The Grauniad should have remembered that, in any argument, if you take the moral high ground it must be out of artillery range.

March 31, 2015 5:45 pm

Having read Rusbridger’s Wiki entry, I’m not sure what to make of him.

March 31, 2015 5:49 pm

The rag is already running at a 25 million pound loss per year just to make some North London geeks feel superior, but don’t expect the hacks to commit ritual seppuku on their fat subsidised pensions. Puhleese …

Reply to  Pointman
March 31, 2015 7:32 pm

Except it sold its stake in Autotrader to secure its nefarious future as the ducking stool and witch burning axis of evil alongside the BBC.
“The sale proceeds, coupled with GMG’s existing cash and investment fund, which stood at £254m at the end of March, are expected to provide financial support for the Guardian, Observer and website for at least 30 years, including funds for further potential digital and overseas expansion.”.

Reply to  Pointman
April 1, 2015 12:09 am

Us north London lot do not feel superior and we are some of the Guardian‘s fiercest critics. In any case, Rushbridger will be gone by June – hence the flogging of his favorite hobby horse to death while he still can.

Reply to  Sasha
April 1, 2015 3:58 am

Err, OK Quentin. Whatever you say 🙂

Reply to  Sasha
April 1, 2015 4:02 am

Darn it, try again.

Reply to  Sasha
April 1, 2015 4:13 am

Bah Humbug. That oughta do it 🙂

Reply to  Pointman
April 1, 2015 3:09 am

I get it. Liquidating assets to raise cash to keep a business afloat is a good thing …

March 31, 2015 8:14 pm

Here is a visual analogy of the Guardian’s spin on things.

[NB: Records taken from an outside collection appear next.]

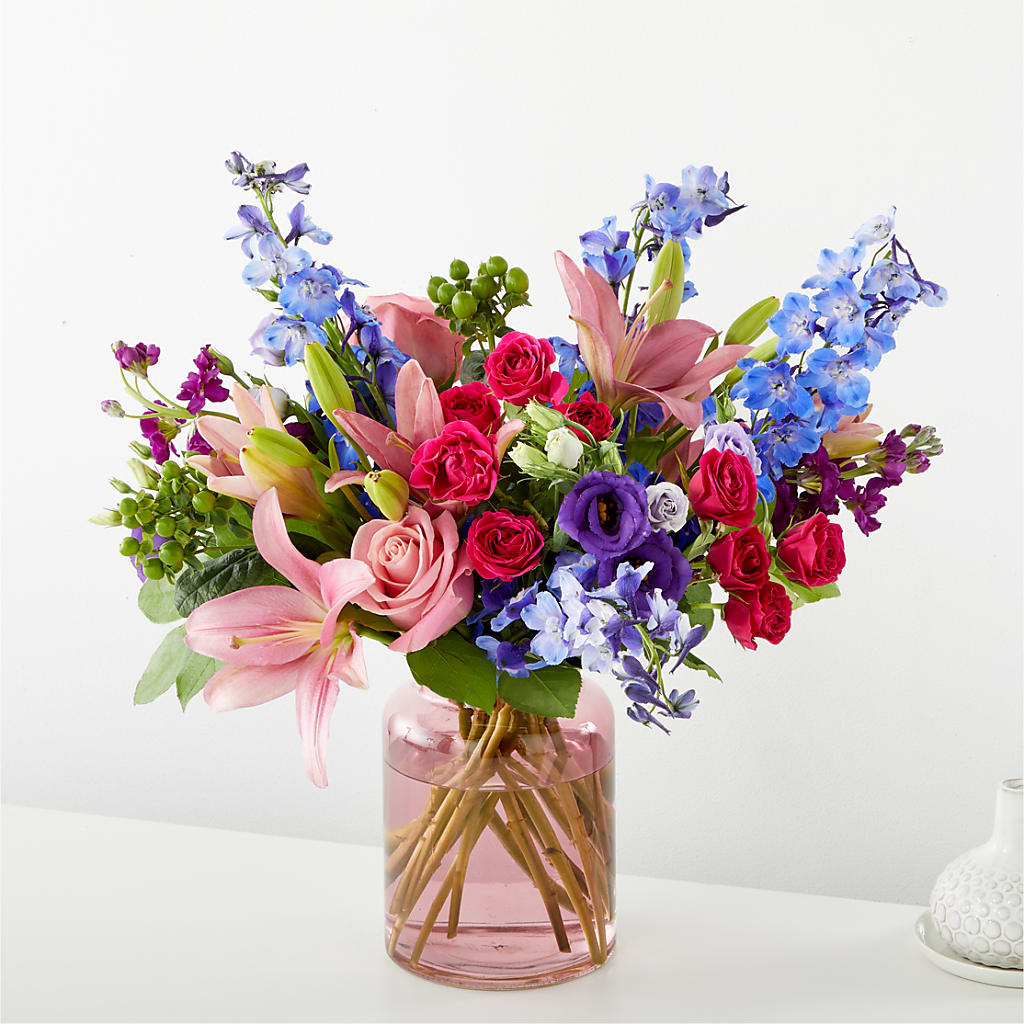 Breezy Meadows Bouquet – PIERSON'S FLOWER SHOP & GREENHOUSES INC, Cedar Rapids IA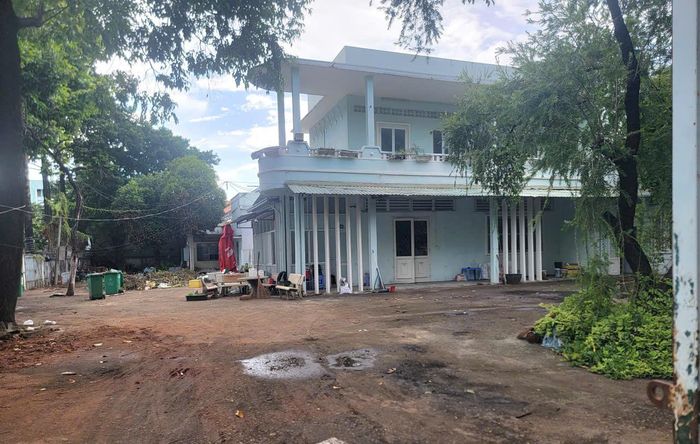 Một địa chỉ nhà, đất trên đường Bác Ái, phường Thủ Đức để trống nhiều tháng qua. Ảnh: Quang Phương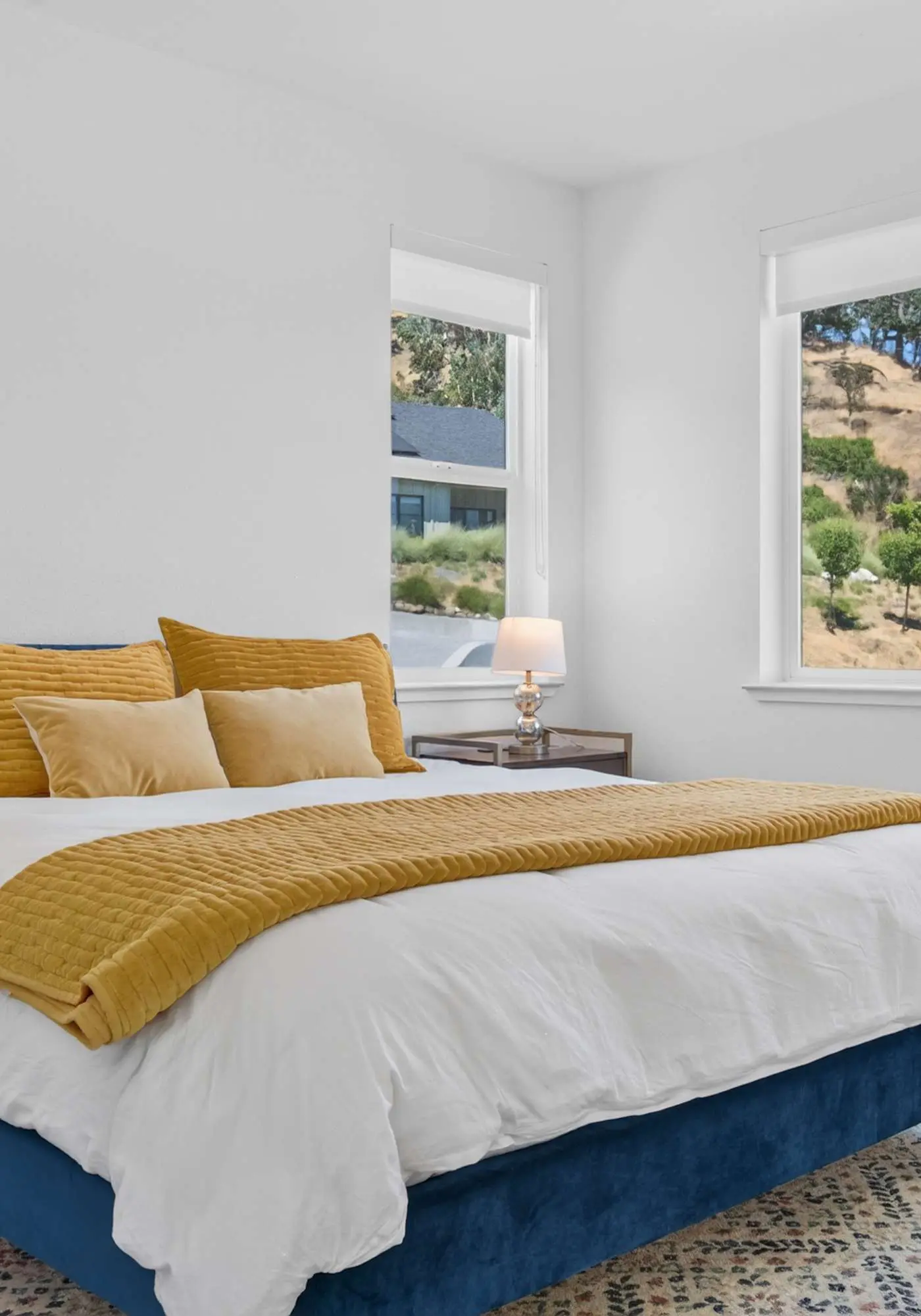 Chardonnay Getaway - Glen Ellen Dog-Friendly Hillside Retreat with Hot Tub & Valley Views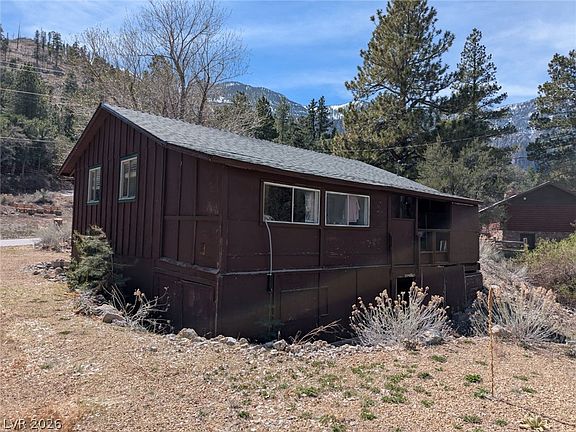 3rd image of 3968 Mont Blanc Way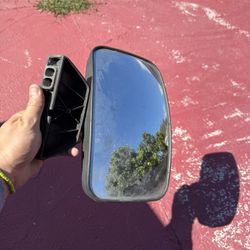 2008-2026 Freightliner CASCADIA POLY Right/Passenger Door Mirror - Used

(100% pure video feedback!)

Reply to  Max Photon
March 31, 2015 8:20 pm

comment image

Reply to  Max Photon
April 1, 2015 8:04 am

Reminds me of images I recorded back when I got my first “portable” VHS recorder back ~ 1980 . Camera ~ 6lb , recorder ~ 20 and aimed it at my TV . Feedback sound , too . Interesting standing waves . Tape still out in a barn , I think .

April 1, 2015 12:28 am

(Another wasted effort by a banned sockpuppet. Comment DELETED. -mod)

M Courtney
Reply to  icouldnthelpit
April 1, 2015 4:22 am

He’s still a hypocrite as he could follow his employers guidance or quit.
But it’s not easy to give up dirty cash to maintain one’s integrity – especially if you haven’t got any.

Reply to  M Courtney
April 1, 2015 5:14 am

(Another wasted effort by a banned sockpuppet. Comment DELETED. -mod)

Reply to  M Courtney
April 1, 2015 5:52 am

Watch this space.

M Courtney
Reply to  M Courtney
April 1, 2015 6:32 am

I do see something hypocritical with that.
Because “that” is such an extreme position.
This isn’t a case of a campaign for change to a TV soap or to play a footballer in a different role… this is about raising energy costs for the third world in order to prevent some disaster in the future.
That campaign is for deaths now in order to prevent hypothetical deaths later.
He ‘s demanding mothers sacrifice their babies. That’s what higher energy costs mean.
And yet he won’t even sacrifice his income? I know it’s a lot of income but, really.
This campaign is promoting an extremist view. It promotes immediate suffering. He ought to believe in it enough to suffer too.
But he doesn’t.

Reply to  M Courtney
April 1, 2015 6:48 am

(Another wasted effort by a banned sockpuppet. That one must havce taken 30 minutes or more to write. Sorry. Comment DELETED. -mod)

M Courtney
Reply to  M Courtney
April 1, 2015 8:44 am

icouldnthelpit, I’ve read their aims.
It is sophistry to cover the complaint I make. They know it is true that denying the poor the cheapest energy leads to the poor dying. As the poor are dying today. And as they will tomorrow if the Guardian’s campaign works.
Were there an alternative to the only proven way of raising people out of poverty (fossil fuels) then the Guardian would promote it. But renewables are more expensive. And the price is in the lives of the starving and ill.
So it can’t safely not be burnt.
The suffering is not hypothetical modelled harm – or even a true believer’s devout prophecy. It is happening in reality, now!
Aiming to discourage investment in the source of health, wealth and the culture of first world societies is immoral. It raises the costs of progress.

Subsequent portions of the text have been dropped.